**Problem:**
What is needed is an exact reproduction of the lines in the records below, starting at the line with "Women's Black Winter" and ending at the line with "Shasa Black &", both included, and nothing else; pictures stay out.

**Record extracts:**

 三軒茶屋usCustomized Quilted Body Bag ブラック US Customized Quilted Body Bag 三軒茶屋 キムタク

---

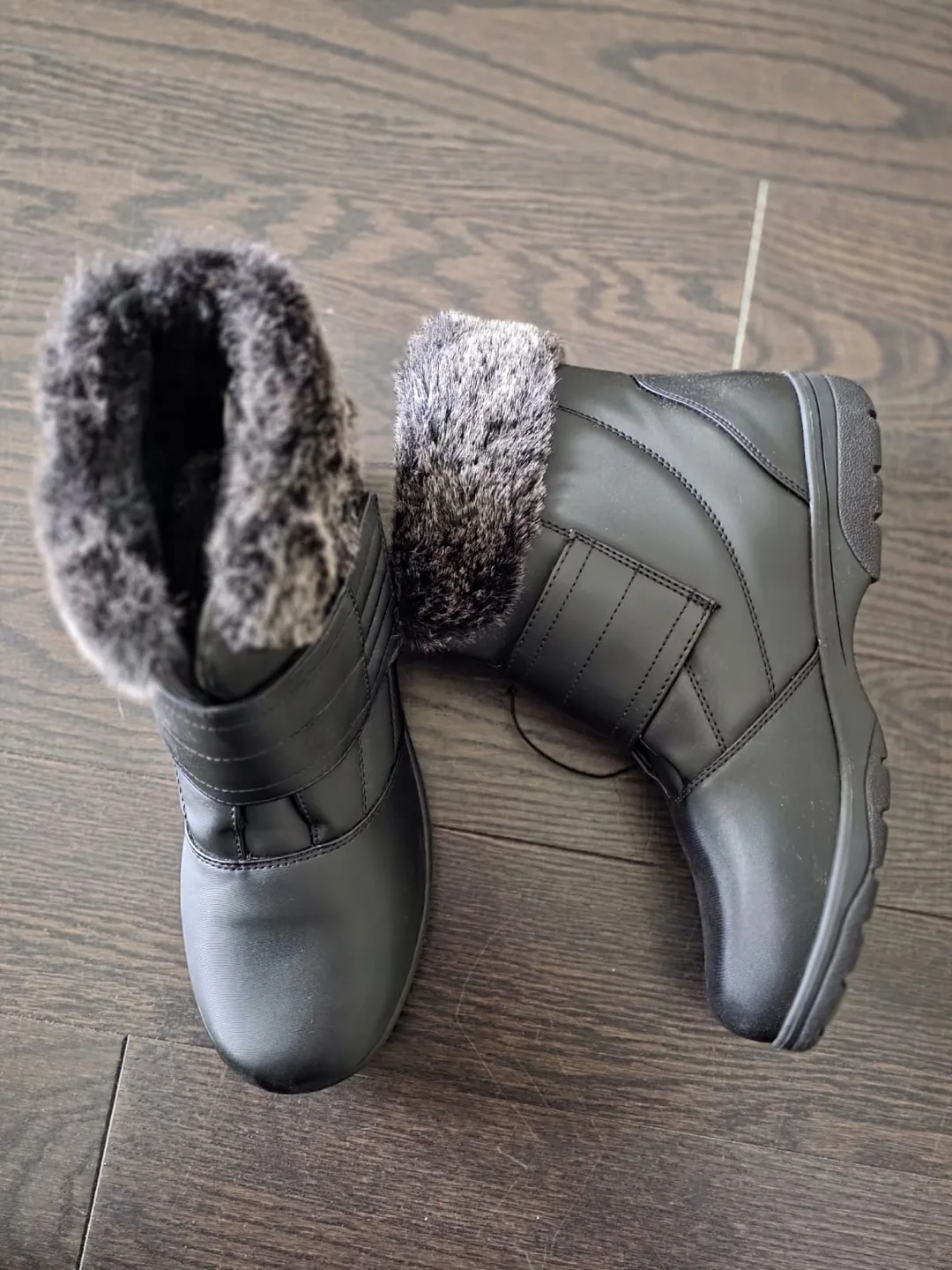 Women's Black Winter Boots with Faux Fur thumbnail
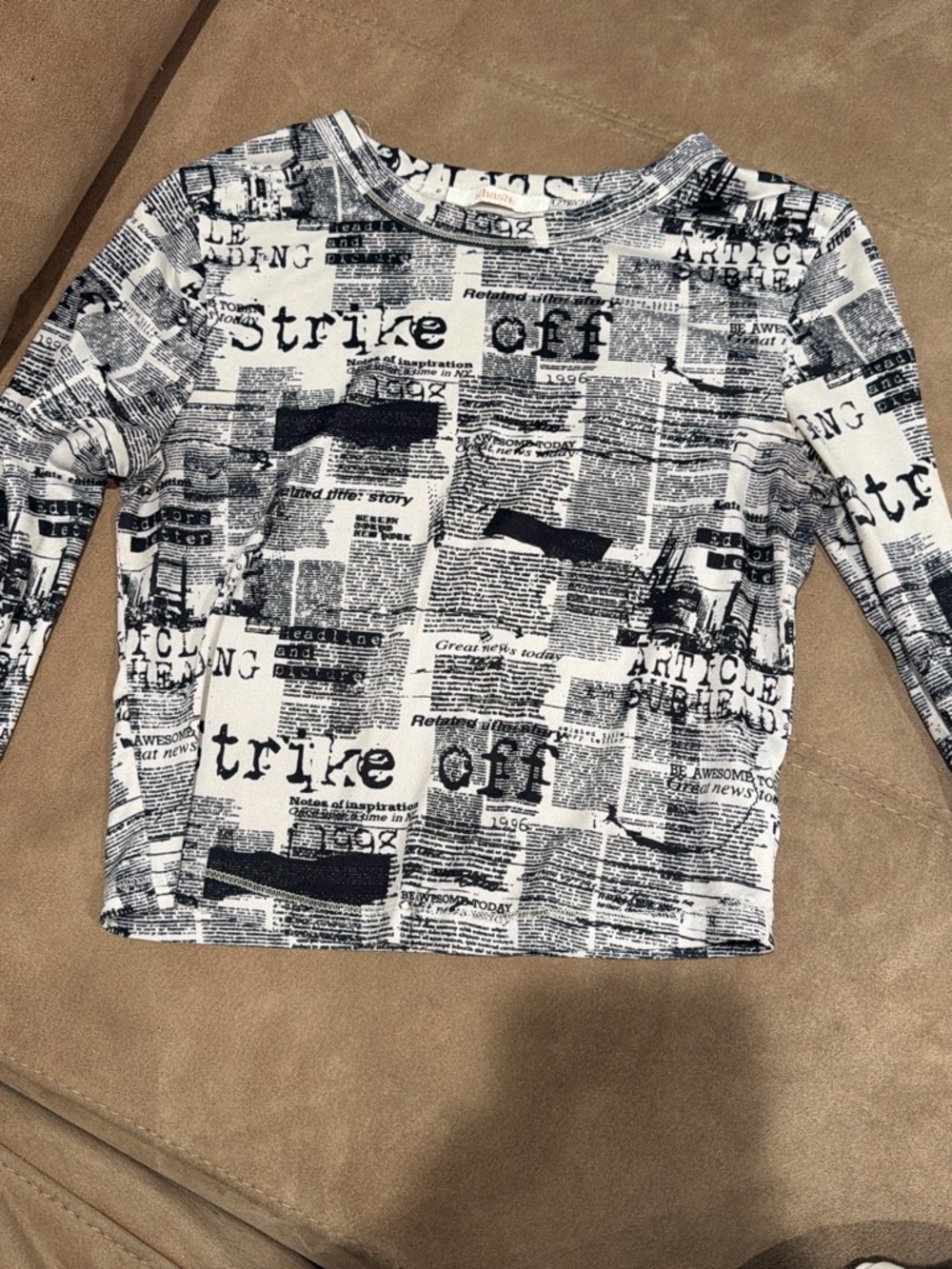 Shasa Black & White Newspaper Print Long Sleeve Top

**Result of the exercise:**
 Women's Black Winter Boots with Faux Fur thumbnail
 Shasa Black & White Newspaper Print Long Sleeve Top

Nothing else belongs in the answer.